One of my favorite scenes in the movie “A Thousand Clowns” happens when Murray Burns is told he must get back to reality. “I’ll only go as a tourist,” he replies.

As I reenter my real life, I replay that scene, re-embrace that motto.

I look at the parking garage in Vienna, see not the cars but the stripes of light that make a pattern on the floor.

It’s not a bad way to live, as a real-life tourist, seeing the world with fresh eyes. It doesn’t last long, this “vacation effect.” But I’ll take it while I can get it.

Epiphany!

Epiphany!

I was all set to write about Epiphany, one of my favorite holidays. Day of discovery and adoration. The magi at the stable. And also of epiphany, one of my favorite feelings, the sudden revelation, the aha moment, the emergence of the forest from the trees.

I was helped along by a real surprise, a tree of scarves. Farther along, scarves draped over banisters and railings. On each scarf a blue tag: If you’re cold take this scarf. Chase the Chill D.C.

Looked it up, found the page and the mission, saw the skeins of yarn from which some scarves were made. Learned that the “scarf bombing” was long planned for this day, that many fingers flew to bring it about.

A sometime crocheter, I could feel the needles in my grasp, imagine the warm hearts and hands of the knitters. A sudden revelation, an aha moment. All of that and more.

Taking Stock

Taking Stock

On my last office day for two weeks I revel in the quiet. I have stories to edit and projects to complete but I find myself pruning the fern and peeling a clementine.

I think about the writer’s need for time and space and how little of it I’ve had. I think about a new year coming and what it will bring.

How easy it is to stay put, to walk the same paths and think the same thoughts. How comforting and deadening it can be. It requires great effort to chart a new course, to seek perspective.
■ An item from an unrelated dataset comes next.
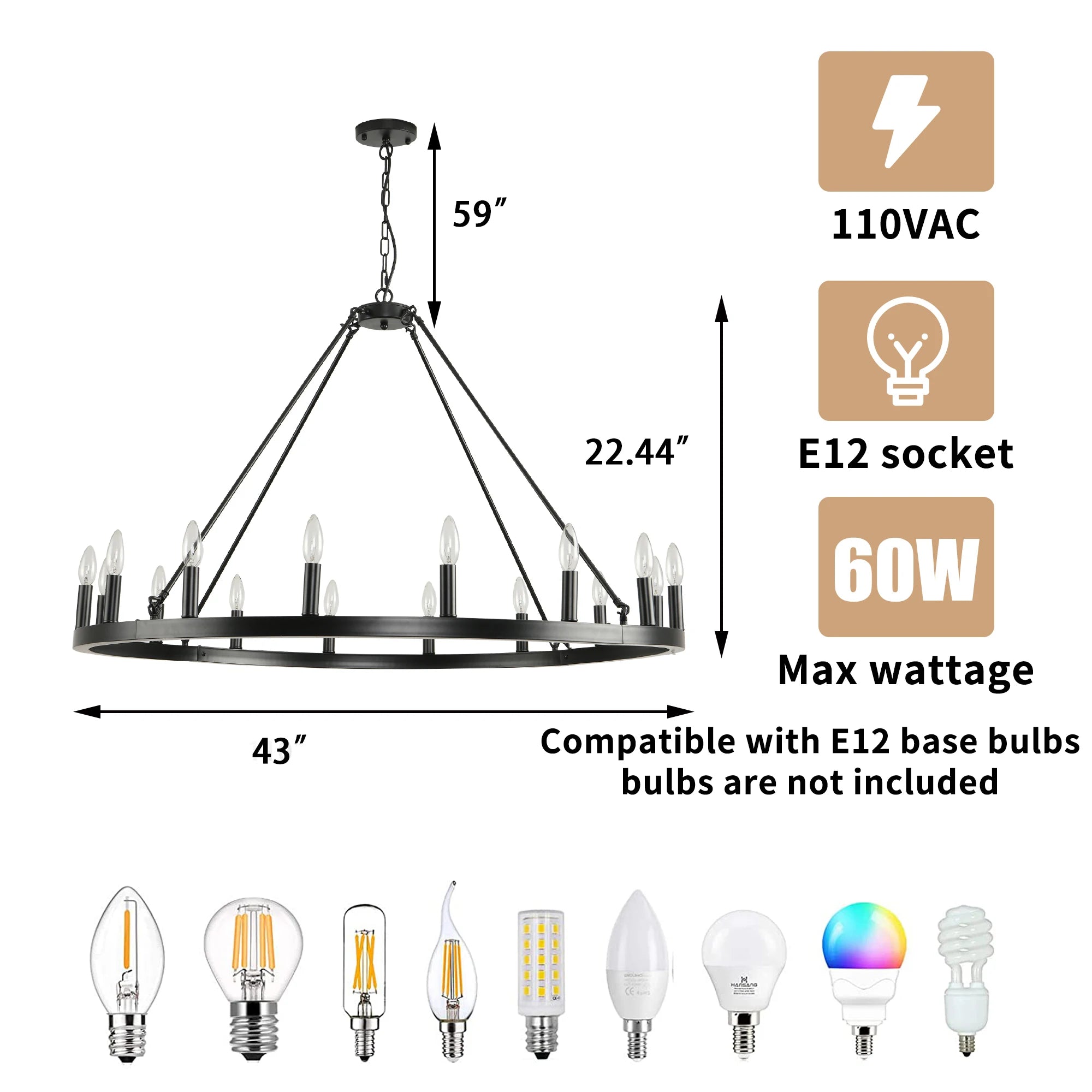 LovingC Wagon Wheel Chandelier Modern Rustic Farmhouse Pendant Light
I’m hoping my time off will give me a chance to take stock, to search for new routes and trails. It’s not a long time, but it might be enough. I’m hoping that it is.

Retracing My Steps

Retracing My Steps

My office key is lost. It must have slipped off the new lanyard I picked up yesterday. A lanyard that apparently didn’t fasten properly.

Meanwhile, I have walked up and down hallways and sidewalks and garage corridors, retracing my steps. What a concept — retracing one’s steps. Going back over what was done before. Ultimate inefficiency.
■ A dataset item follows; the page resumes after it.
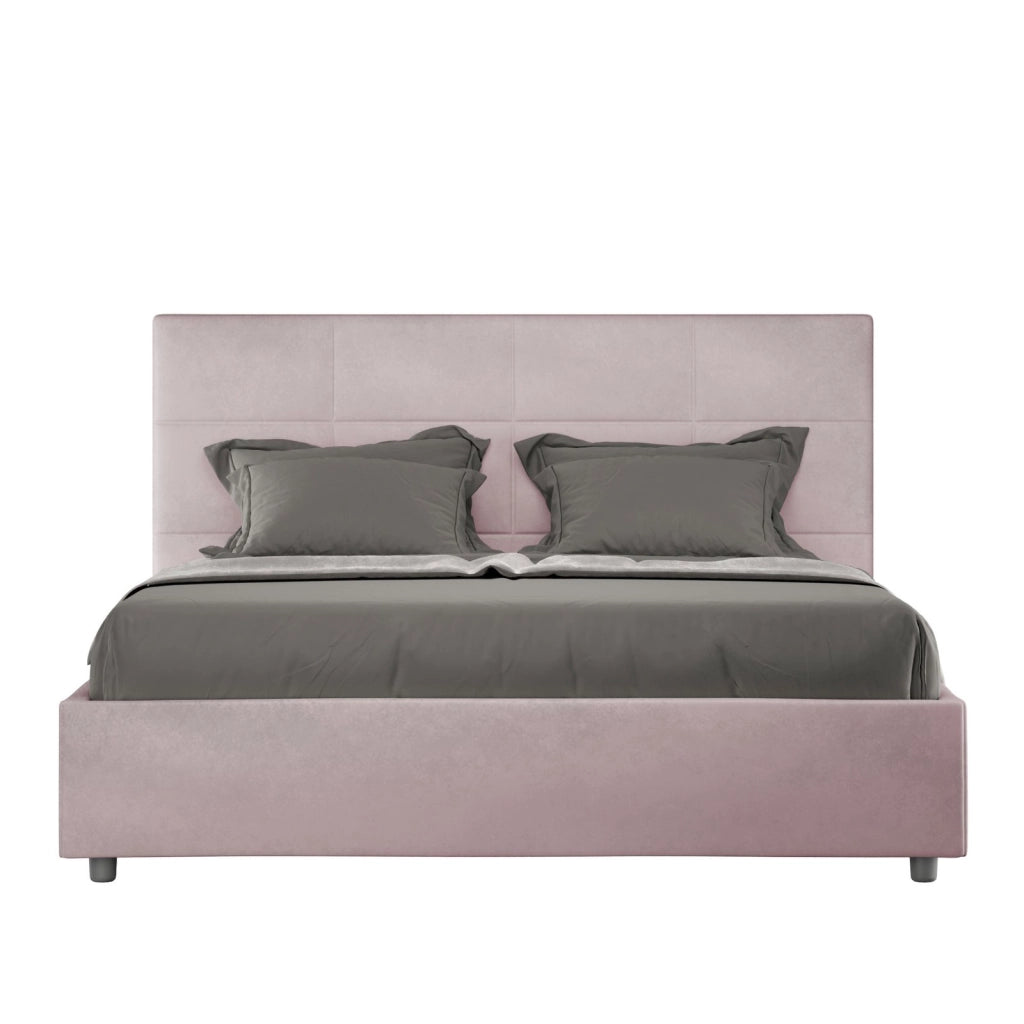 ityhome Letto matrimoniale king size con rete imbottito 170x190 microfibra glicine Mika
Or is it? Perhaps a mindfulness exercise could consist of just this practice, walking back over what I walked before, looking for what wasn’t seen previously, realizing that instead of being present in the moment of walking, I was actually daydreaming, fretting, letting the scenery pass in a blur.
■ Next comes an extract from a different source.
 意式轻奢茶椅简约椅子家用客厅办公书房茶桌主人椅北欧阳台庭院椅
As it turns out, I did find something. Not my key but a colleague’s identification card. If I found her card, maybe she — or someone else — found my key. And in this sideways, sliding, inefficient way, we will all be rescued somehow.

(This photo from outside Medora, North Dakota, has no relevance to retracing my steps. I’ve just been wanting to use it.)

New Scenery, New Eyes

New Scenery, New Eyes

How do we perceive the vistas around us? With what eyes do we take in the forests, hills and plains of the natural world? When a new and radical form of scenery presents itself must we change our tastes and proclivities to appreciate it? Wallace Stegner raises these questions in Beyond the 100th Meridian: John Wesley Powell and the Second Opening of the West (Penguin, 1953) — and from what I can tell, he answers the last one with “yes.”

Stegner chronicles not only the physical exploration of the canyons, buttes and gorges of the “Plateau Province” (mid to southern Utah and northern Arizona), but also the artistic one.

The process that is triumphantly concluded in [Thomas] Moran’s “Yellowstone” was one that had begun forty years before in the water colors of Alfred Jacob Miller, when the painter’s eye first began to adjust to prairies that were not green meadows, mountains whose rocks were other than the Appalachian granite, scrub growth whose shades were those of gray and brown and yellow, earth which showed its oxidized bones, and air without the gray wool of humidity across its distances.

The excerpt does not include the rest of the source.